Nutch regex-urlfilter syntax

user670595 picture user670595 · Dec 14, 2012 · Viewed 8.7k times · Source

I am running Nutch v. 1.6 and it is crawling specific sites correctly, but I can't seem to get the syntax correct for the file NUTCH_ROOT/conf/regex-urlfilter.txt.

The site I want to crawl has a URL similar to this:

http://www.example.com/foo.cfm

On that page there are numerous links that match the following pattern:

http://www.example.com/foo.cfm/Bar_-_Foo/Extra/EX/20817/ID=6976

I want to crawl links that match second example above as well. In my regex-urlfilter.txt I have the following:

+^http://www.example.com/foo.cfm$
+^http://www.example.com/foo.cfm/(.+)*$

Nutch matches on the first one and crawls it correctly, but does not seem to pick up links using the other filter. How can I get Nutch to crawl URL's like the second one above?

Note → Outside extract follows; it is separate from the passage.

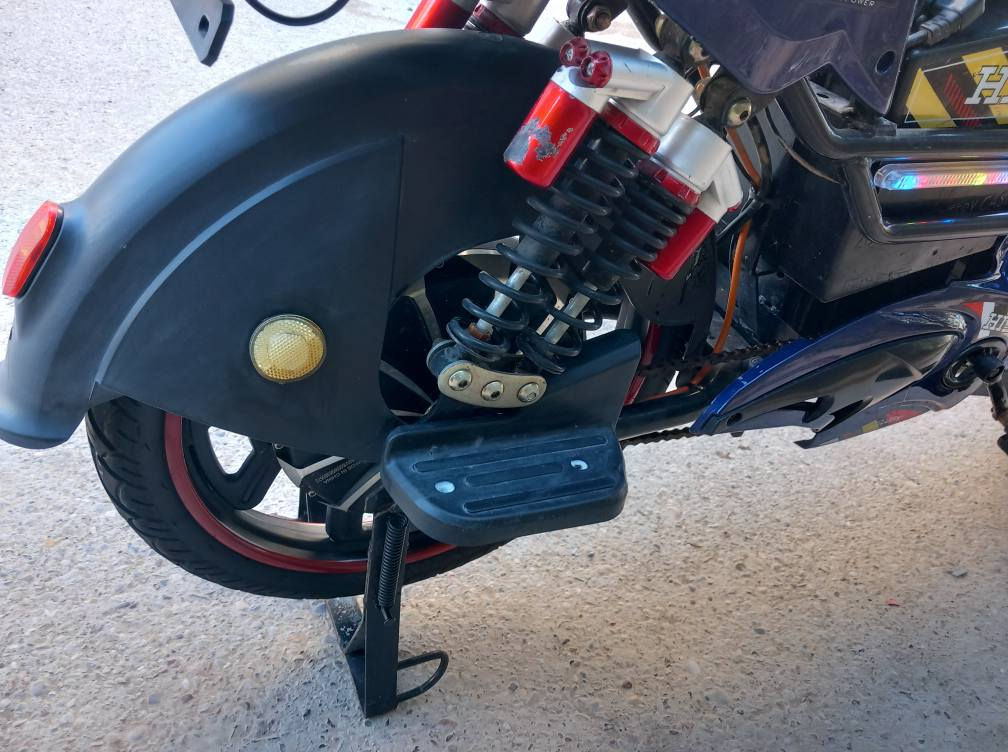 دراجه شحن للبيع جديدة سعرها ٣٠٠ وبي مجال شغاله كاملة فول مواصفات مكاني بعقوبة المفرق *********** بعقوبة, ديالى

I have tried the following with no luck:

+^http://www.example.com/foo.cfm/(.+)*$
+^http://www.example.com/foo.cfm/(.)*$
+^http://www.example.com/foo.cfm/.+$
+^http://www.example.com/foo.cfm/(.*)*$

In my NUTCH_ROOT/urls/nutch I have:

http://www.example.com/foo.cfm/

Answer

xhudik picture xhudik · Dec 18, 2012

According to http://wiki.apache.org/nutch/FAQ#What_happens_if_I_inject_urls_several_times.3F you can't have multiple URLs (they will be ignored). What about to put only:

+^http://www.example.com/foo.cfm/(.+)*$

which should cover your first line: +^http://www.example.com/foo.cfm$ as well, or, if there are problems with /, try:

+^http://www.example.com/foo.cfm//?(.+)*$

Where //? should stand for character / or